Assignment> Restate each line below word for word, skipping every picture.

Provided material>
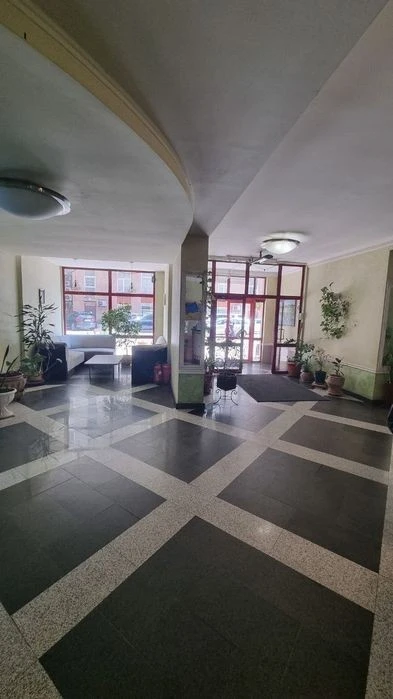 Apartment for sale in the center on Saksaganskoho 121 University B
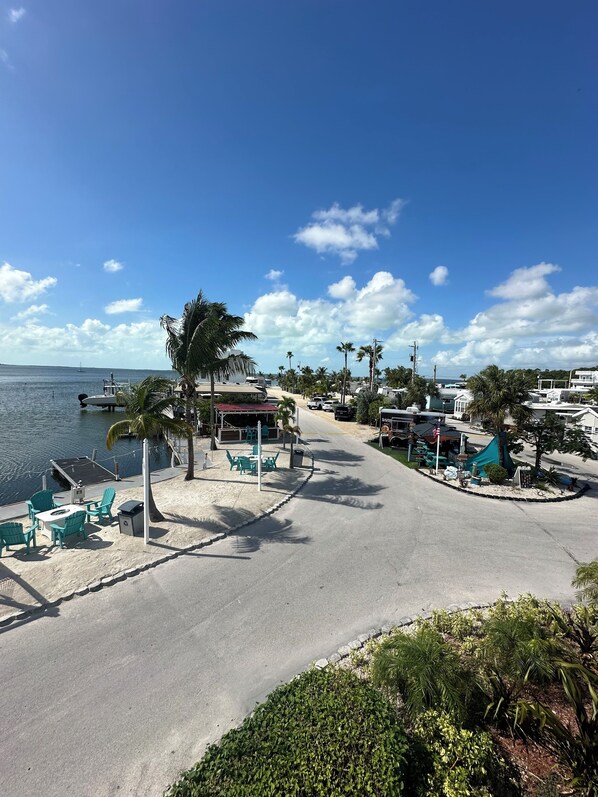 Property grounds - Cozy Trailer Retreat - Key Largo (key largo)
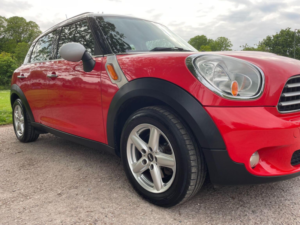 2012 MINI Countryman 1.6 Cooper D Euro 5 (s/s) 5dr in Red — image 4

Output for this task>
 Apartment for sale in the center on Saksaganskoho 121 University B
 Property grounds - Cozy Trailer Retreat - Key Largo (key largo)
 2012 MINI Countryman 1.6 Cooper D Euro 5 (s/s) 5dr in Red — image 4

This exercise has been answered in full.